"For the first time since we've been running our surveys,” said Jon Clay, Vice President of Threat Intelligence at Trend Micro, “we saw the global cyber-risk index not only improve but move into positive territory at +0.01. That means organizations may be taking legitimate steps to improve their cyber preparedness. There is still much to be done – as employees remain a source of risk – but it’s still a positive."
Why not start with the new good first, right?
Trend Micro, a global provider of cybersecurity, recently announced this very improvement to cyber risk levels, moving them from "elevated" to "moderate" for the first time, as Clay noted.
However, the company emphasized that insiders continue to pose a significant threat to global organizations’ people, processes and technologies, all the same.
Here’s a long-story-short rundown:
Trend Micro’s Cyber Risk Index (CRI) 2H 2022 report, which presents these findings, is based on interviews with a whopping 3,729 global organizations. The CRI’s numerical scale for gauging its data goes from -10 to 10, with -10 representing the highest level of risk and 10 the lowest. This is calculated by subtracting the score for cyber threats from the score for cyber preparedness, per Trend Micro.
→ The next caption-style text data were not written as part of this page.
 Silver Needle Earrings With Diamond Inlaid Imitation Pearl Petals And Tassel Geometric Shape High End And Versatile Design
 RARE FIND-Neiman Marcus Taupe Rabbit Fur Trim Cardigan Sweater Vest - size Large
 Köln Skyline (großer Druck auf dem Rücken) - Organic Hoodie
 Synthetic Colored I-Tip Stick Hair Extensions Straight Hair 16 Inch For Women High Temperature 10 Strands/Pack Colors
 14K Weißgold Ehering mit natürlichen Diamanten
Notably, the report found that adoptions of and upgrades to cyber-preparedness in both Europe and the Asia-Pacific (APAC) rose, but slightly declined in North America and Latin America in the past six months. But overall (i.e. extended past that six-month window), threats declined in every region except Europe. These ebbs and flows are of interest; they illustrate the dynamism to try new cybersecurity solutions and lead by example, as well as where there are pitfalls and areas for improvement.
Now, a pinch more of the not-so-good news.
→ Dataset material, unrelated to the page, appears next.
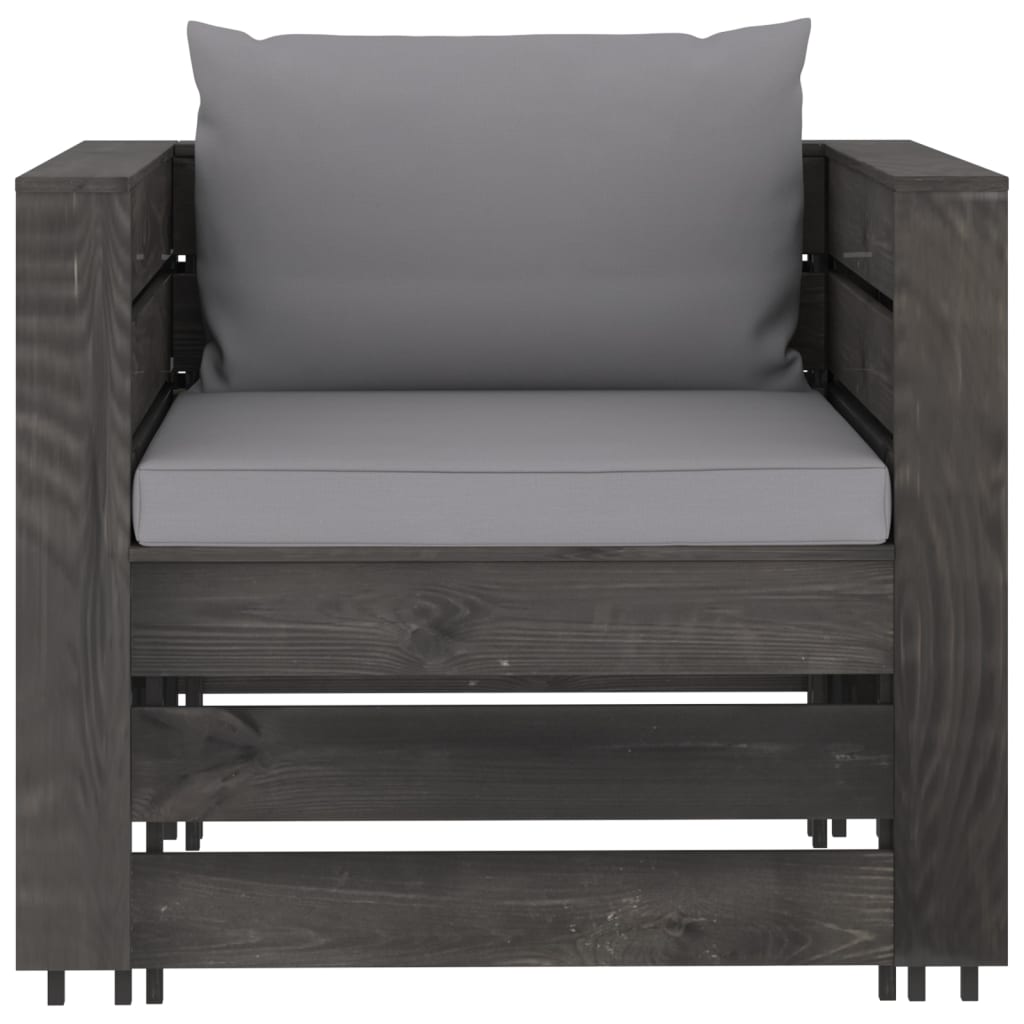 Set Salotto da Giardino 2pz con Cuscini Legno Impregnato Grigio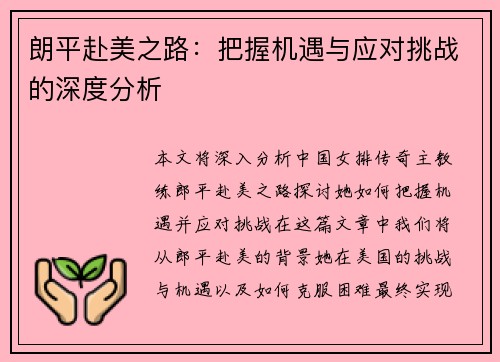 朗平赴美之路：把握机遇与应对挑战的深度分析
Despite scaling improvements, most organizations still harbor pessimism about their cybersecurity prospects over the coming year. The majority of respondents said it was "somewhat to very likely" they'd suffer a breach of customer data (70%), intellectual property (69%), or experience a successful cyber attack (78%). These figures represent declines of 1%, 2%, and 7%, respectively, from Trend Micro’s previous report.
The top four threats listed by respondents remained the same:
- Business Email Compromise (BEC)
- Fileless attacks
Interestingly, "botnets" replaced "login attacks" in fifth place. Sadly, inside employees (i.e. likely former ones, now) represented three of the top five infrastructure risks:
- Insider negligence
- Cloud computing infrastructure holes and provider errors
- Mobile, hybrid or fully remote employee actions
- A shortage of qualified personnel
- Virtual computing environments (e.g. servers, endpoints)
Dr. Larry Ponemon, a chairman and the founder of the Ponemon Institute, stressed the importance of “considering not just technology solutions, but also our people and processes that help mitigate these risks, especially as the shift to hybrid working gathers momentum.”